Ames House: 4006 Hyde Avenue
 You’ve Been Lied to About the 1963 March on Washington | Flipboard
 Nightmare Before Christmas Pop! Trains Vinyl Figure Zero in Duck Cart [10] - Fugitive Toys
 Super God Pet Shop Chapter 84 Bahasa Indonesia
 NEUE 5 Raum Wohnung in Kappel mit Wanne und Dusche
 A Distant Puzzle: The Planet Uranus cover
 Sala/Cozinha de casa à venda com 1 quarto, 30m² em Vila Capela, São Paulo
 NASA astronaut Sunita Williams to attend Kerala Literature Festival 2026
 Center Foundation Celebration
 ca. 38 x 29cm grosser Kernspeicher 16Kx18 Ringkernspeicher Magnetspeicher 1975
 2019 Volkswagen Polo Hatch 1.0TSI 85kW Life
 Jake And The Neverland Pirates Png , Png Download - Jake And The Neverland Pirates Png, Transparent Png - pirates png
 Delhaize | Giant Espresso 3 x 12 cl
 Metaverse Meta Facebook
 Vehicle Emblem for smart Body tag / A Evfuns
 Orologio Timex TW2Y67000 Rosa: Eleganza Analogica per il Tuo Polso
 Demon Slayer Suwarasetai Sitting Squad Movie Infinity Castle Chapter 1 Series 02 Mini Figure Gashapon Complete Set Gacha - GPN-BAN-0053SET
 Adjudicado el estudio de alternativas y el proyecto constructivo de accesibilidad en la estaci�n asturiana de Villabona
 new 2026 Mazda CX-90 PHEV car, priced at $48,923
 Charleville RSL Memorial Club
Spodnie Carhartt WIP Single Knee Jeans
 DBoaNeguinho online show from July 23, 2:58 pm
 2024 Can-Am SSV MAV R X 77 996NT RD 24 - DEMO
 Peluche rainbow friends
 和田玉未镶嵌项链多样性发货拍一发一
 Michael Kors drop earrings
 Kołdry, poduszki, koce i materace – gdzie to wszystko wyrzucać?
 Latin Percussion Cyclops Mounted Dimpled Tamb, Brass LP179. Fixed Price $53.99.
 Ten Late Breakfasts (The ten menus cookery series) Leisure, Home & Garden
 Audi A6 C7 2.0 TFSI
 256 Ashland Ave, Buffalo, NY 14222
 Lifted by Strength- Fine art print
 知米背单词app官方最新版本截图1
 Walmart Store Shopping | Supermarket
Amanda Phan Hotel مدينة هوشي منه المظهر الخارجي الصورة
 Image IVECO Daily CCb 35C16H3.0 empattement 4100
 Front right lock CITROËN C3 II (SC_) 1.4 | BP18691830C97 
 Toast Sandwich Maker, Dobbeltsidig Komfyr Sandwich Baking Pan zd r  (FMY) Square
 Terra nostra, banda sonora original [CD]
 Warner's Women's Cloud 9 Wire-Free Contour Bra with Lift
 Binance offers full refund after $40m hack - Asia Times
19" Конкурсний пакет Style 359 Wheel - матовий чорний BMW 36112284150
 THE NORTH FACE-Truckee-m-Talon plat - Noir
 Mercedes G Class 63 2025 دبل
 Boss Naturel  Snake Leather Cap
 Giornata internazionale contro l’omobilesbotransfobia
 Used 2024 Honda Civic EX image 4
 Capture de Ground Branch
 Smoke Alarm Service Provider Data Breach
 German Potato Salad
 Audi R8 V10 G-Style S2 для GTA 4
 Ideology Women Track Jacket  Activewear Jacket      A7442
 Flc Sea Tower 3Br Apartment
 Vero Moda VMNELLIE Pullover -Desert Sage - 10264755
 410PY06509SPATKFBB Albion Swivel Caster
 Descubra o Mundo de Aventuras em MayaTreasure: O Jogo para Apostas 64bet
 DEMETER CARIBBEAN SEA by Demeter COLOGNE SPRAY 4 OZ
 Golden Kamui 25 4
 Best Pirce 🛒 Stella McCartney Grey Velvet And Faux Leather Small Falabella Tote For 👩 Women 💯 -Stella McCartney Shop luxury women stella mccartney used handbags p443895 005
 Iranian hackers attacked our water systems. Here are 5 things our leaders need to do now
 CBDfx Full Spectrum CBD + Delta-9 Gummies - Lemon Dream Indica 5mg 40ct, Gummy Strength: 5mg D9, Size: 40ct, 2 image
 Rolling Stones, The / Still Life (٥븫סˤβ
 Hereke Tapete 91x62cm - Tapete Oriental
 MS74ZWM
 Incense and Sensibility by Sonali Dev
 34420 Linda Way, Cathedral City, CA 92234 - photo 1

⁂

Problem to work on. When a line above includes the word "Strength", please list that line.

Result for this exercise.
 Lifted by Strength- Fine art print
 CBDfx Full Spectrum CBD + Delta-9 Gummies - Lemon Dream Indica 5mg 40ct, Gummy Strength: 5mg D9, Size: 40ct, 2 image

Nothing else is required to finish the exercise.